- _DIRECTIONS_
The reply should be an exact repeat of the listing, with no pictures in it.

- _DATA EXCERPT_

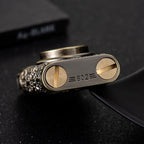 Dragon Wings Brass Kerosene Lighter
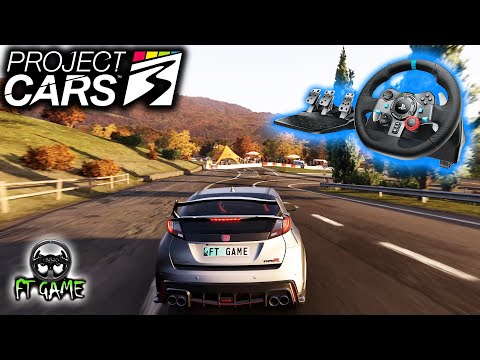 Project CARS 3 Gameplay and Logitech G29 & G920 Settings! /CAREER #2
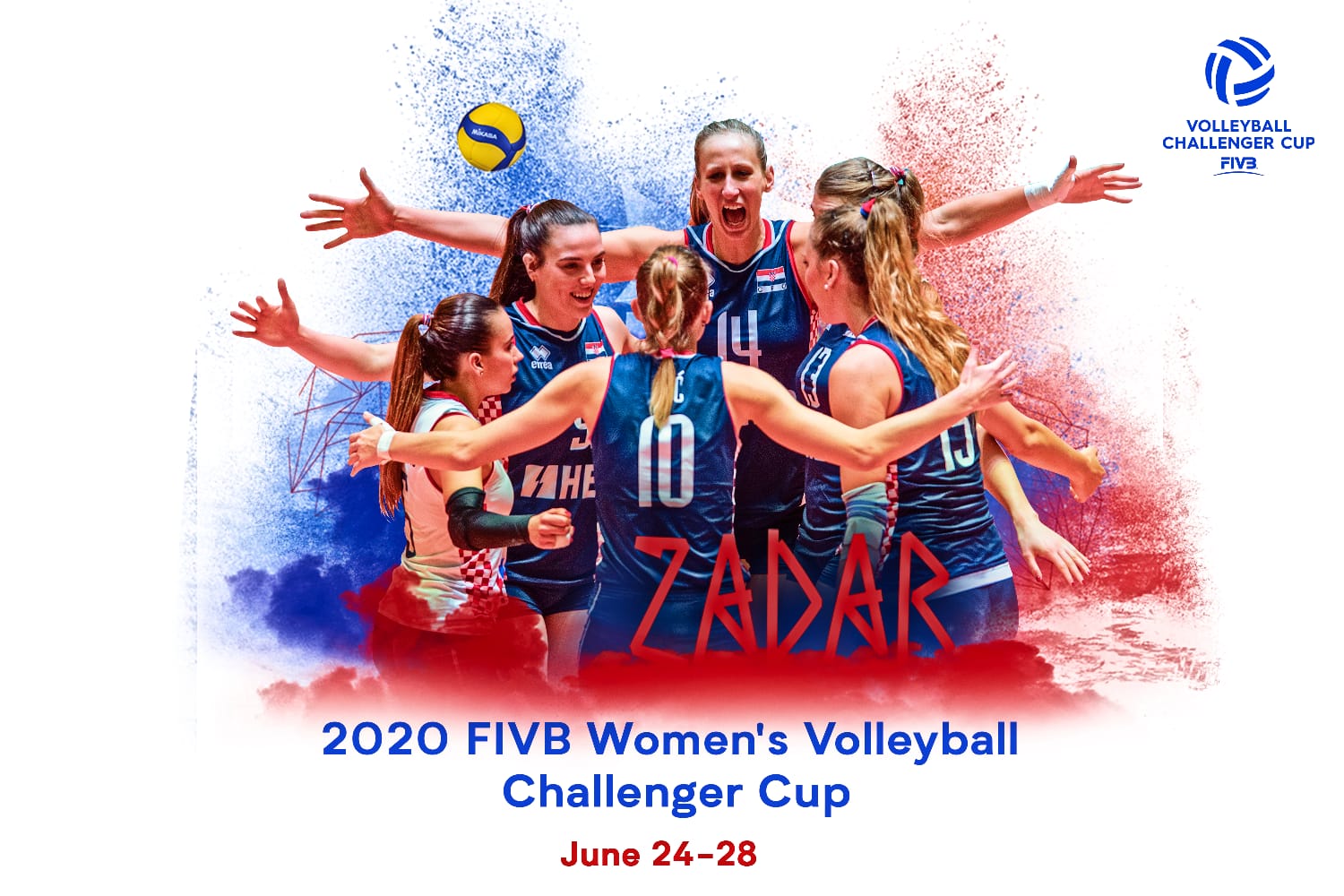 Zadar domaćin Challenger Cupa za odbojkašice! Na Višnjik stiže šest reprezentacija s pet kontinenata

- _TASK OUTPUT_
 Dragon Wings Brass Kerosene Lighter
 Project CARS 3 Gameplay and Logitech G29 & G920 Settings! /CAREER #2
 Zadar domaćin Challenger Cupa za odbojkašice! Na Višnjik stiže šest reprezentacija s pet kontinenata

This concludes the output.